EXERCISE:
Please give again exactly the lines from the top of the material through the line with "full length portrait"; omit each picture.

DATA EXTRACT:
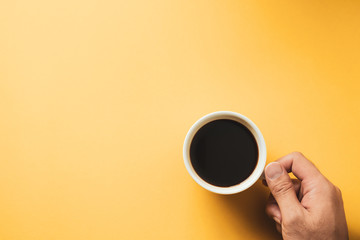 Hand of a man holding a hot black coffee cup on yellow background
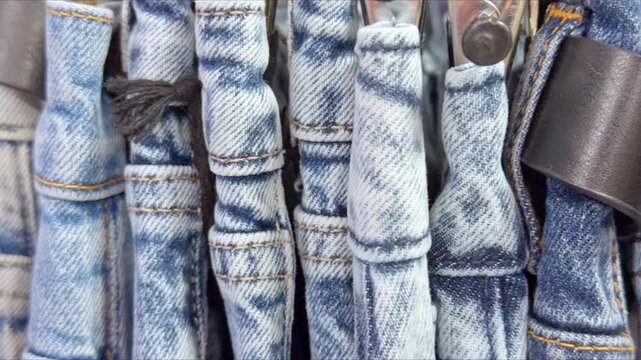 A row of faded jeans showcases denim texture and decorative folds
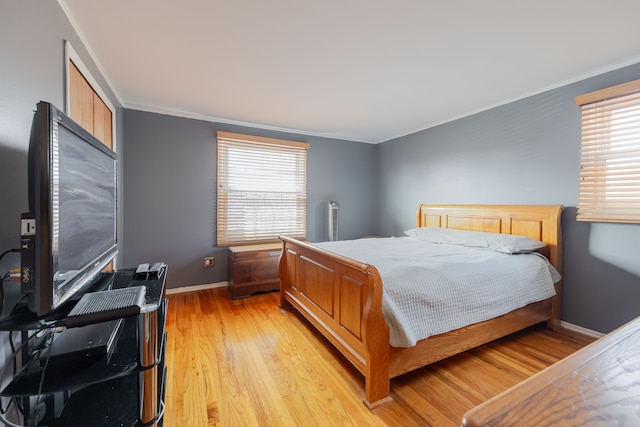 bedroom featuring light wood-style flooring, baseboards, and ornamental molding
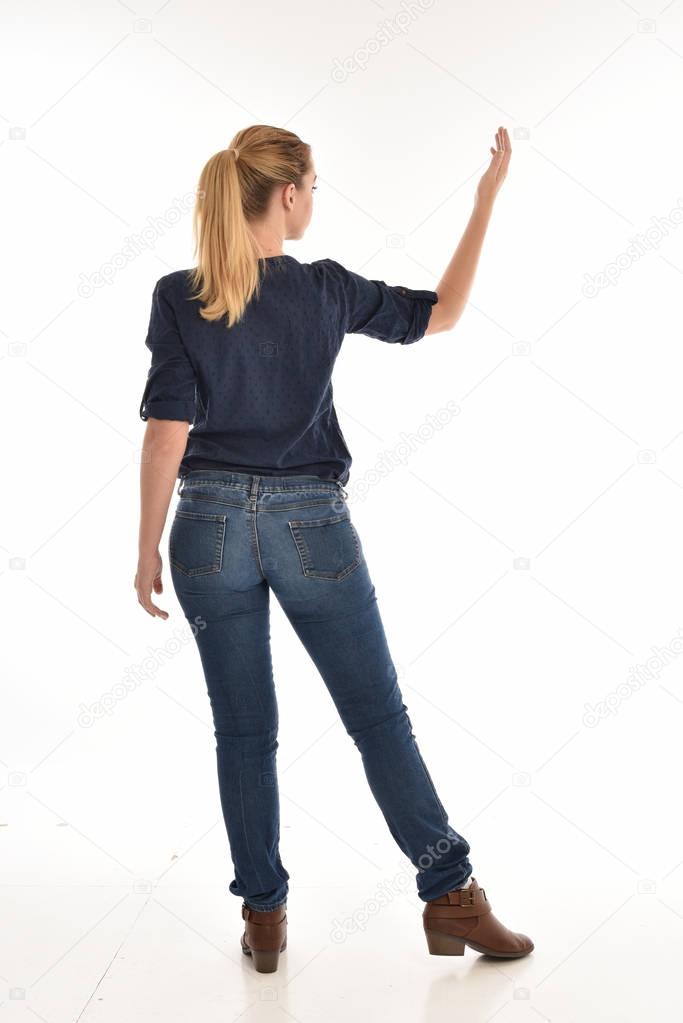 full length portrait of blonde girl wearing simple blue shirt and jeans, standing pose facing away from the camera. isolated on white background.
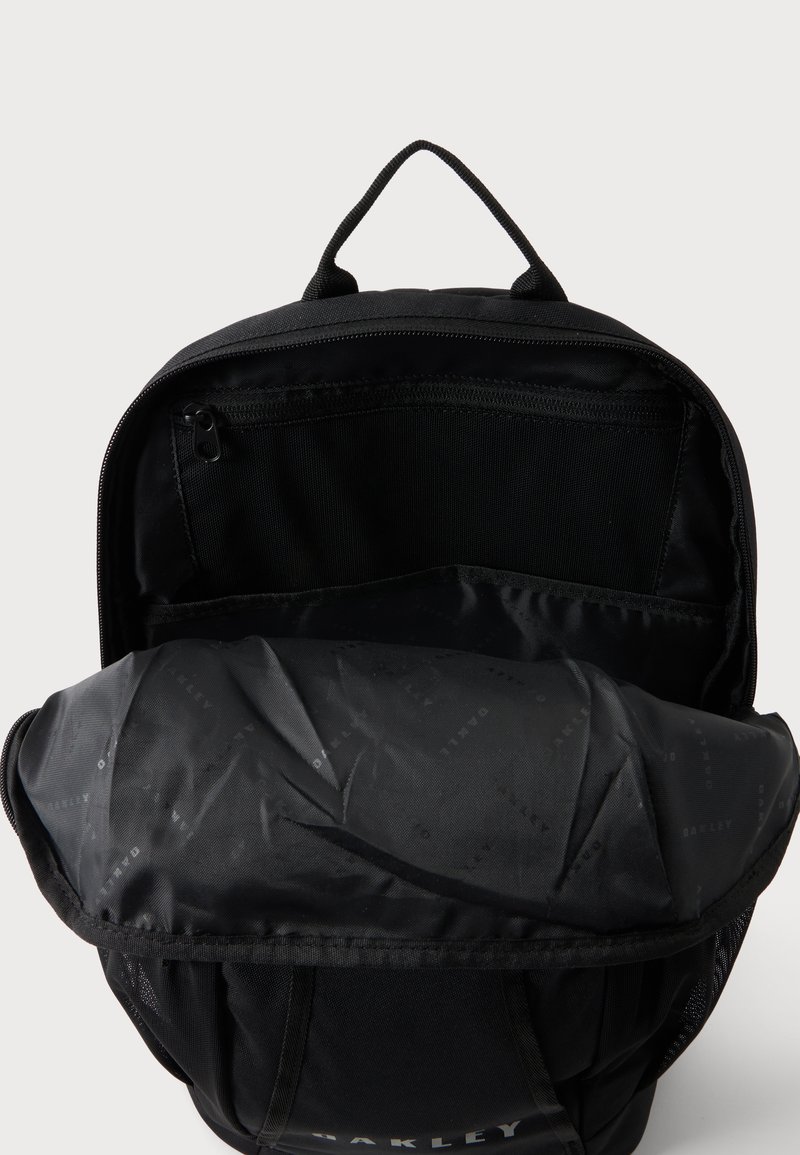 Schwarzer Rucksack mit oben offenem Reißverschluss, der die innere Reißverschlusstasche und das gepolsterte vordere Fach zeigt, schwarzer Stoffgriff oben.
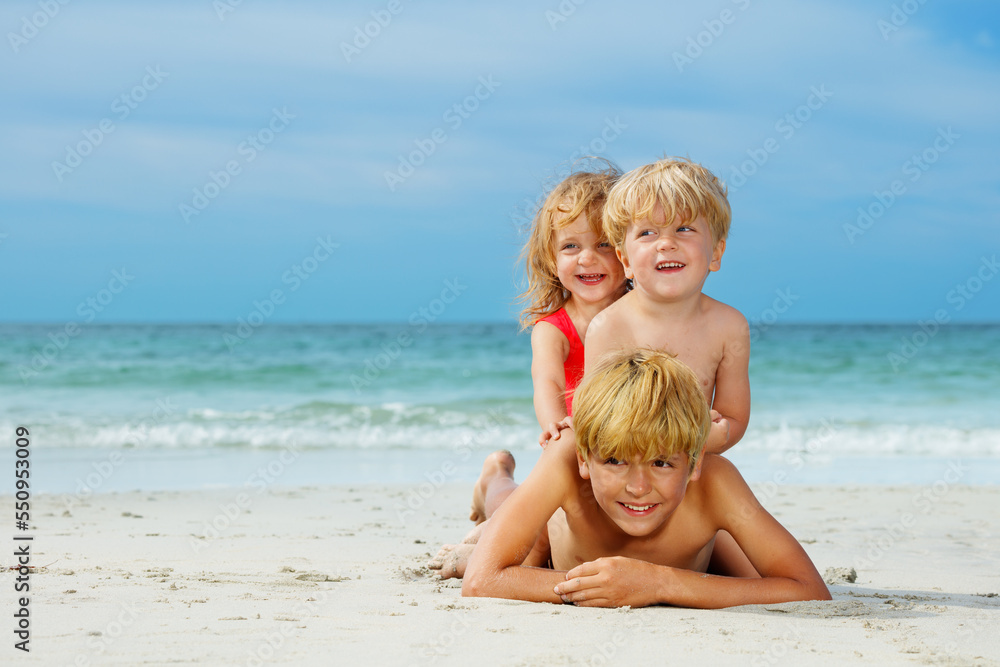 Three boys and a girl children lay on top of another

ANSWER SPACE:
 Hand of a man holding a hot black coffee cup on yellow background
 A row of faded jeans showcases denim texture and decorative folds
 bedroom featuring light wood-style flooring, baseboards, and ornamental molding
 full length portrait of blonde girl wearing simple blue shirt and jeans, standing pose facing away from the camera. isolated on white background.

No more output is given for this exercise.